Die X-Klasse bekommt in allen europäischen Ländern, also auch in Deutschland, serienmäßig das Komfortfahrwerk. Das macht auf der Straße einen richtig guten Eindruck, federt Bodenwellen angenehm weg und stößt nur bei schlimmen Schlaglöchern an die Grenzen. Auf einem abgesperrten Offroad-Parcour konnten wir die X-Klasse mit dem um 20mm höher gelegtem Offroad-Fahrwerk erfahren. Die größere Bodenfreiheit von dann insg. 22 cm sorgt für eine gute Geländegängigkeit, wohlwissend, dass die meisten Käufer vermutlich das Fahrzeug höchstens mal auf einem Wald- und Wiesenweg bewegen werden.
Ansonsten sitzen die Passagiere vorne sehr bequem, die Sitze sind gut einstellbar. In der Höhe verstellbar präsentiert sich das Lenkrad und die Gurte vorne. Alle Bedienungselemente im Fahrzeug lassen sich gut erreichen und intuitiv bedienen. Auf den ersten Blick sieht es im Interieur aus wie in einem “richtigen Mercedes” und er hört sich während der Fahrt auch so an, es ist richtig angenehm leise im Innenraum nur zwischendurch hört man den Klang der bekannten 4-Zylinder Diesel.

Ein großer Zentralstern im Kühlergrill, der die Zugehörigkeit zu den G-Modelen (GLE, GLA, GLS) von Mercedes-Benz darstellen soll. Auf den erste Blick ein Mercedes! Wer den Blick schweifen lässt, sieht typische Mercedes-Benz Gestaltungstechnologien im Ex- aber auch im Interieur.

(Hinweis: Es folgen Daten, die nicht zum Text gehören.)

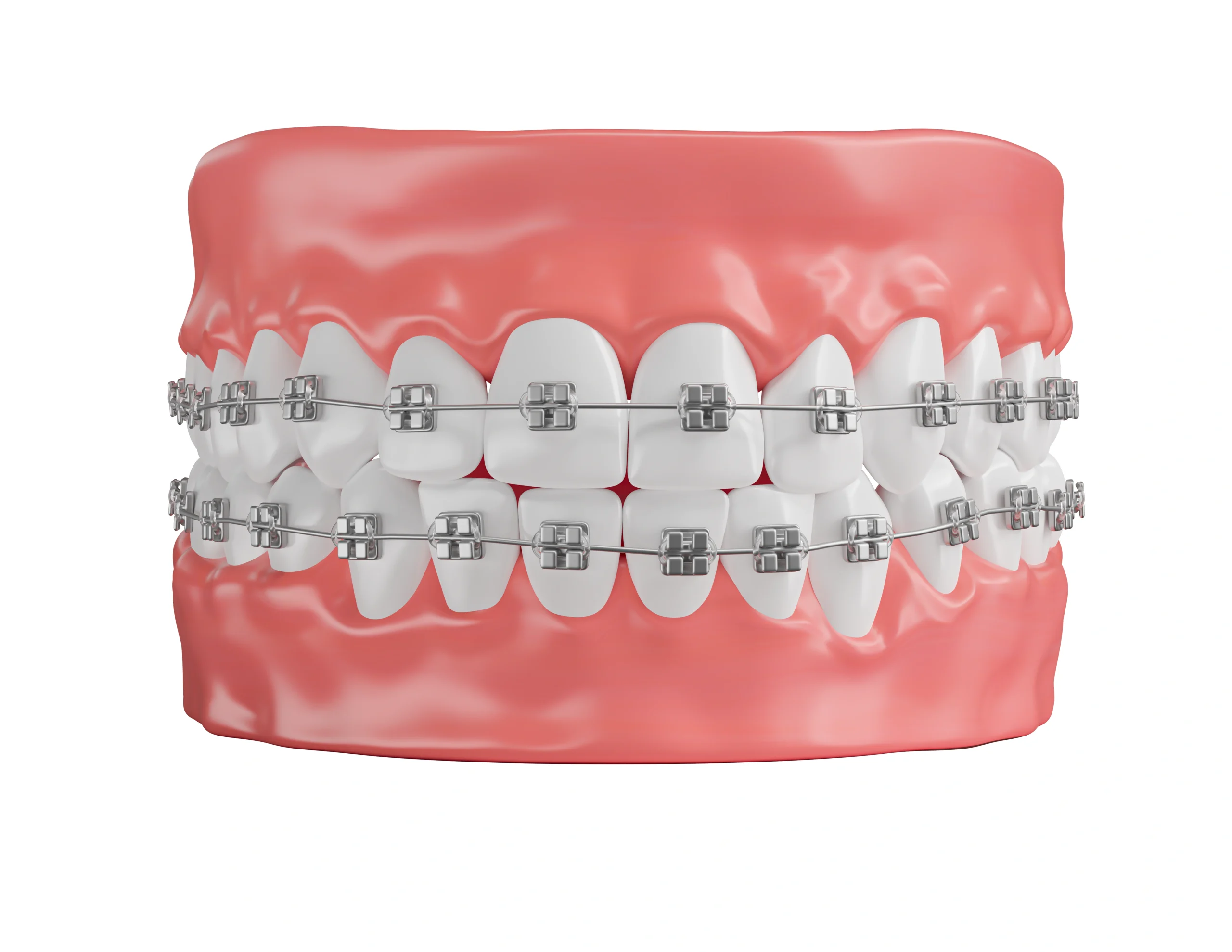 Clear Aligners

Sieben Airbags, ein aktiver Brems-Assistent, ein Spurhalte-Assistent (nicht adaptiv, er warnt nur), ein Verkehrszeichen-Assistent, ein Stabilitätsprogramm für Fahrten mit dem Anhänger (bis zu 3,5 Tonnen können gezogen werden), optionale LED Scheinwerfer, ein Tempomat und natürlich ein Notrufsystem.

Gefahren sind wir den X 250d, sprich einen 2,3 Liter 4-Zylinder Diesel von Nissan. Dieser gibt seine Leistung von bis zu 190 PS über eine 7-Gang Automatik auf die Hinterräder ab. Optional kann man die 4MATIC aktivieren. Günstiger wird es, was den Verbrauch betrifft, im 2WD-Modus. NEFZ sagt 7,9 und wir konnten genau diesen Wert bei einer Überlandfahrt von knapp 230 km spielend erreichen, vermutlich hätte man sogar noch darunter liegen können. Die Lenkung arbeitet souverän, die Bremsen lassen sich gut dosieren und nach einer kurzen Eingewöhnungsphase konnte man die X-Klasse selbst durch enge Kurven bewegen. Man muss die Länge halt im Blick behalten. Kaufempfehlung 360° Kamera, mit der Vogelperspektive hat man sogar im Gelände einen guten Überblick und auch bei dem Wendekreis von 13,4 Metern hilft das System ausgesprochen gut.

In Deutschland startet die X-Klasse ab 37.294 Euro. Natürlich gibt es zahlreiche Individualiserungsmöglichkeiten wie z.B. ein Hardtop, eine Softbar, eine Heckjalousie usw. Das Fahrzeug gibt es in drei verschiedenen Ausstattungen, im Innenraum kann man sich bei den Sitzen austoben, bei den Dashboards und im Exterieur bei den Farben und Felgen. Bis zu 19″ große Räder ziehen in die Radkästen, Mercedes sorgt schon dafür, dass dieser Premium-Midsize SUV, noch mehr Geld in die Kassen spülen wird.

Kommen wir zum Fazit: Gut gemacht Mercedes. Gute Grundzutaten genommen, etwas nachgewürzt, etwas verschärft und durch gute Eigenkompositionen ergänzt. 1,1 Tonnen Zuladung, bis zu 3,5 Tonnen darf die X-Klasse ziehen und es ist das erste SUV von einem Premium-Hersteller, wenn wir den legendären G 6×6 nun einfach mal ausblenden.